Owen is right that we need to correct that. Sometimes, actually, I think that the SWP had the correct approach when it ordered some of its cadres to enter certain occupations in order to organise them all the better. This requires a supreme dedication, to give up whatever job you really want to do, in favour of a revolutionary activity in a job you may not be all that bothered about. But maybe this is the sort of thing we need, because full time union organisers and lecturing people on the high street evidently aren’t getting the job done.
Yet to conclude on a key note, I do not know nor can I guess whether these five points make up the primary problems with socialist organisation in the UK. I can see ways to address each of them, and I can see how doing so would improve socialist activism across the country. I can see how doing so would improve our chances of actually emerging victorious from a few fights, or at least being defeated but through each defeat laying the organisational basis for future success. No doubt there are other things beyond Owen’s five point plan.

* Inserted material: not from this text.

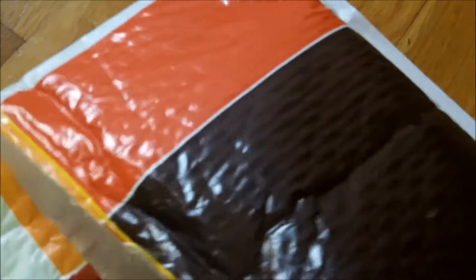G&P gas block. Two Evike batteries for the flashlight I got last time. The batteries blew out really quickly.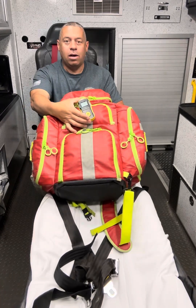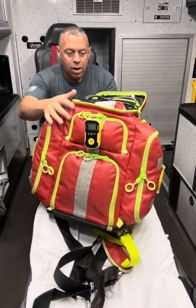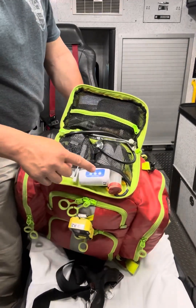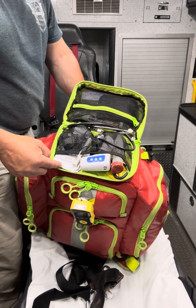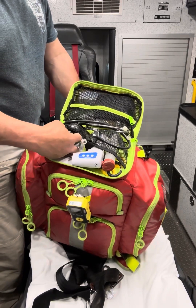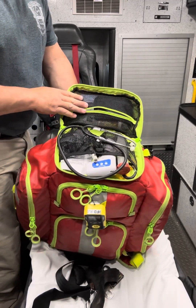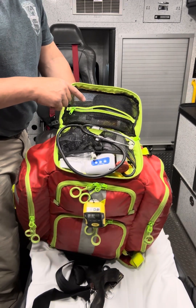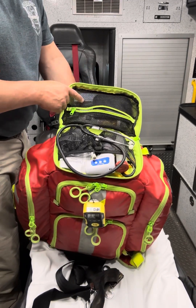We have a carbon monoxide detector on the front, clipped to the top. Those will be our supplies that we use pretty much on most calls. We have a thermometer, a sharp dart, a pair of trauma shears, patient data forms, a pen, a pen light, and a headlamp for dark areas. We have a stethoscope and blood glucose monitoring. We also have oral agents to treat hypoglycemia, a bag of D10, and a primary drip set.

Personally I feel a bit let down by the Labour Representation Committee, of which Owen is a member, that an organisation with such radical potential to appeal to a large chunk of the socialist Left, not to mention to engage a lot of unionised workers, has been such a dismal failure hitherto. Besides having the only decent parliamentarians in the country, and doing some really good work when it comes to immigrant workers and youth wages and so forth, the LRC is no further on now than it was when I first joined back in 2006/7.
It is entirely possible that this feeling is as a result of not living in London, where the LRC, like most socialist groups, tends to have its strongest base – but the isolation of the regions in British politics is something else that the Left will simply have to overcome – and while people likeVice Chair Susan Press do good works, it’s not nearly enough. Truthfully Owen’s five points should have been in operation years ago, and someone like John McDonnell and his sterling team of assistants should have been holding people’s feet to the fire to get every available individual involved in organising.
I’ll be happy if that is what comes of Owen’s proposals, made as they are a few weeks in advance of the LRC national conference.